Maputo — Mozambican President Filipe Nyusi on Thursday declared that his government will work to guarantee the availability of good quality petroleum products at competitive prices, as well as sufficient fuel reserves to meet the country’s needs.
He was speaking at the inauguration of the Petroleum Logistics Terminal in the southern city of Matola, built by the Portuguese fuel company Galp, in partnership with the Kuwait-based Independent Petroleum Group (IPG).
Nyusi said that the country’s increased capacity to receive and store liquid fuels will improve Mozambique’s efficiency and competitiveness in supplying petroleum products to neighbouring countries through the ports and rail corridors of Maputo, Beira and Nacala.

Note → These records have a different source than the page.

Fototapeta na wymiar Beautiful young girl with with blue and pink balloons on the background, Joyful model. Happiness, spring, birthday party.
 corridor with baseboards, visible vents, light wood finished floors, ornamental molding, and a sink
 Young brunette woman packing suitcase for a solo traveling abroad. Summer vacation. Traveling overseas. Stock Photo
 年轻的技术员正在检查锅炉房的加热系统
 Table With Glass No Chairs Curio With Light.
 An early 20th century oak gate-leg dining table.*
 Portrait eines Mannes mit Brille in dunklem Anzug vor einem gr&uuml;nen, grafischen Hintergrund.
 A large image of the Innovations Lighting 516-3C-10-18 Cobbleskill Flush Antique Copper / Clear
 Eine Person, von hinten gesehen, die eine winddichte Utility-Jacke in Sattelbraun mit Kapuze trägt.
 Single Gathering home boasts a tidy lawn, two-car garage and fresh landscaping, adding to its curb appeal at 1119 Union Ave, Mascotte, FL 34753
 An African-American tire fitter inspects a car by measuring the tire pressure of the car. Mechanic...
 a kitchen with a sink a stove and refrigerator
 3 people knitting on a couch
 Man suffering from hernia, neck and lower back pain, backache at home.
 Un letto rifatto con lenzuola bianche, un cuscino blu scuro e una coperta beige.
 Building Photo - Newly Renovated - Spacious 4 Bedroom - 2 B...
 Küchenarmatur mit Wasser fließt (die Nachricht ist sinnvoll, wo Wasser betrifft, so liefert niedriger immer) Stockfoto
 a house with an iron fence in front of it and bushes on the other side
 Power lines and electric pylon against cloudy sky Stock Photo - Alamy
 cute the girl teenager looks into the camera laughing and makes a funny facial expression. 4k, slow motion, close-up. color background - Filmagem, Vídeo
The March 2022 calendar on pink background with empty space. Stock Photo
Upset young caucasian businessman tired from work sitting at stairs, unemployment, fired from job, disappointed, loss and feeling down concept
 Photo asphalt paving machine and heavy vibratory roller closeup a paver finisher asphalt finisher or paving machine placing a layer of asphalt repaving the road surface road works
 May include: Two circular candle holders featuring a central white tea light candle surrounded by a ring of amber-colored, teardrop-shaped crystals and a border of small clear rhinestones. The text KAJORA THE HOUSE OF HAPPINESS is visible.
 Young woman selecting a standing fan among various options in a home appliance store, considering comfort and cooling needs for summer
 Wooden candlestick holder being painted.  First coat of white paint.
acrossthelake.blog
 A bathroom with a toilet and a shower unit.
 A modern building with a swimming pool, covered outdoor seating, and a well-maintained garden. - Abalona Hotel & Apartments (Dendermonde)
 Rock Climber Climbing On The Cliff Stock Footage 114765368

“This investment could generate a greater volume of business for all stakeholders in the value chain, and it will have a multiplier effect through the creation of new jobs for young Mozambicans”, added the President.
Of particular important was the increased supply of LPG cooking gas via the new terminal, which Nyusi forecast would lead to a decline in the consumption of firewood and charcoal, thus reducing the pressure on Mozambican forests, and improving the health of the people, mostly women, who cook household meals.
“We note with satisfaction that this undertaking will contribute to mass use of cooking gas as an alternative to the wood fuel which is still widely used by the population”, he said.
The new terminal represents an investment of 100 million US dollars. It can store 60,000 cubic metres of liquid fuels, and 6,000 cubic metres of gas. Nyusi regarded this as a major step forward in implementing the government’s programme to expand infrastructures that promote socio-economic development.
Nyusi noted that Mozambique does not produce petroleum, and so currently imports every year around 1.7 million cubic metres of petroleum products (diesel, petrol, kerosene, cooking gas and jet fuel).